Deepa Anappara’s first novel Djinn Patrol on the Purple Line was named as one of the best books of the year by The New York Times, The Washington Post, Time and NPR. It won the Edgar Award for Best Novel, was longlisted for the Women’s Prize for Fiction 2020, and shortlisted for the JCB Prize for Indian Literature. It has been translated into over twenty languages. Anappara is the co-editor of Letters to a Writer of Colour, a collection of personal essays on fiction, race, and culture, published in March 2023. Her second novel, The Last of Earth, will be published in 2025. Anappara has an MA in Creative Writing and a PhD in Creative-Critical Writing from the University of East Anglia, Norwich. She previously worked as a journalist in India, where she lived until moving to the UK. She now teaches creative writing in London.

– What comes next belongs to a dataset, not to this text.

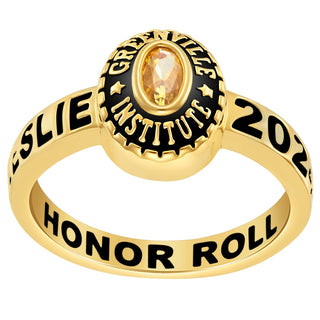 Ladies 18K Gold over Sterling Traditional Oval Stone Class Ring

Tim Horvath is the author of Understories (Bellevue Literary Press), which won the New Hampshire Literary Award, and Circulation (sunnyoutside). His fiction appears in or is forthcoming in Conjunctions, AGNI, Ploughshares, Harvard Review, Best Small Fictions 2021, and elsewhere; his reviews appear in Georgia Review, The Brooklyn Rail, and American Book Review. He teaches at Phillips Exeter and in the Stony Brook MFA Program in Creative Writing and Literature, as well as GrubStreet. He is a Senior Editor at Conjunctions and a co-founder of One Book, One Manchester. He is currently working on a novel called The Spinal Descent, an excerpt of which can be found in Ten Piscataqua Writers 2023.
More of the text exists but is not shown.